** Records follows **

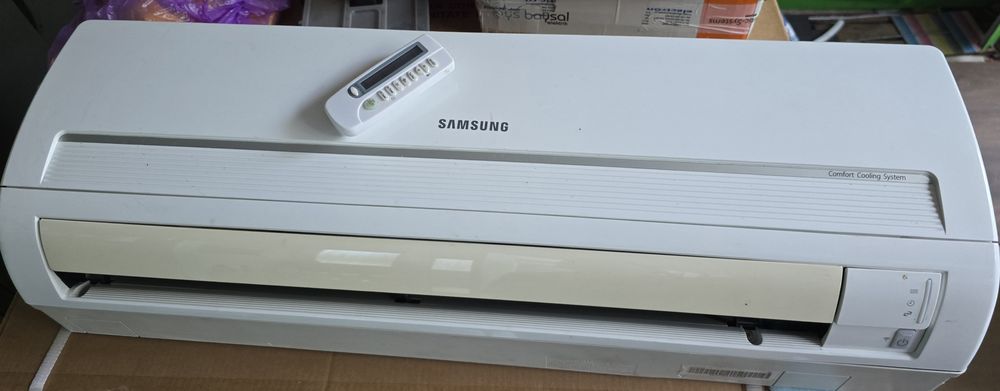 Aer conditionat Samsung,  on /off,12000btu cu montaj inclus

** End of Records **
** Records follows **

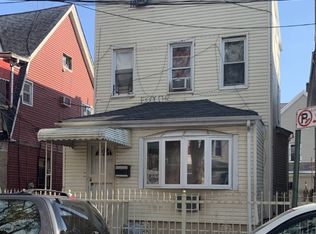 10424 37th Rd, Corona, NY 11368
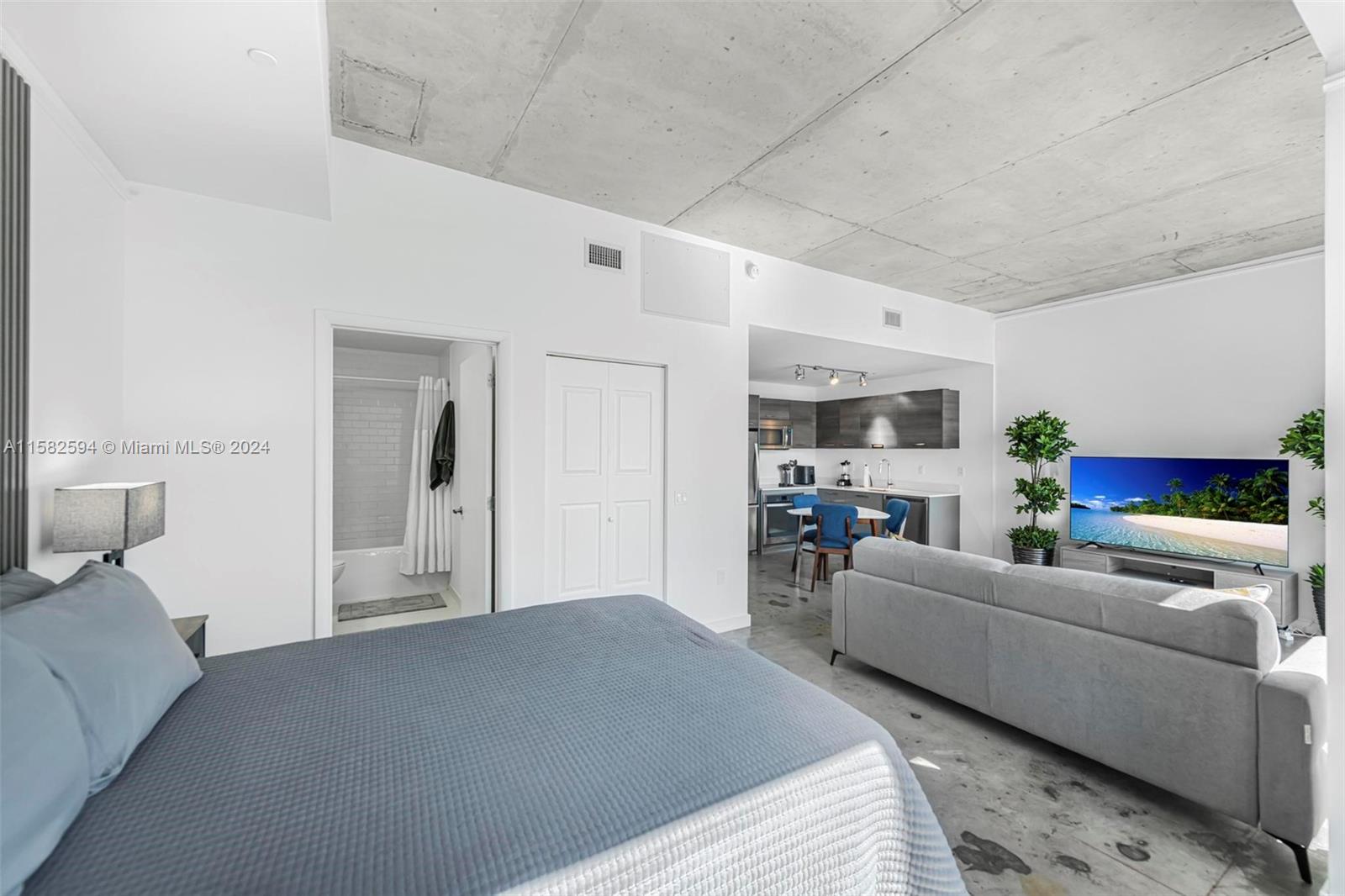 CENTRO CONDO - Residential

** End of Records **

**Task item**
Copy nothing but the lines above that run from the one with "10424 37th Rd, Corona, NY 11368" to the one with "CENTRO CONDO - Residential", ends included; pictures stay out.

**Exercise response**
 10424 37th Rd, Corona, NY 11368
 CENTRO CONDO - Residential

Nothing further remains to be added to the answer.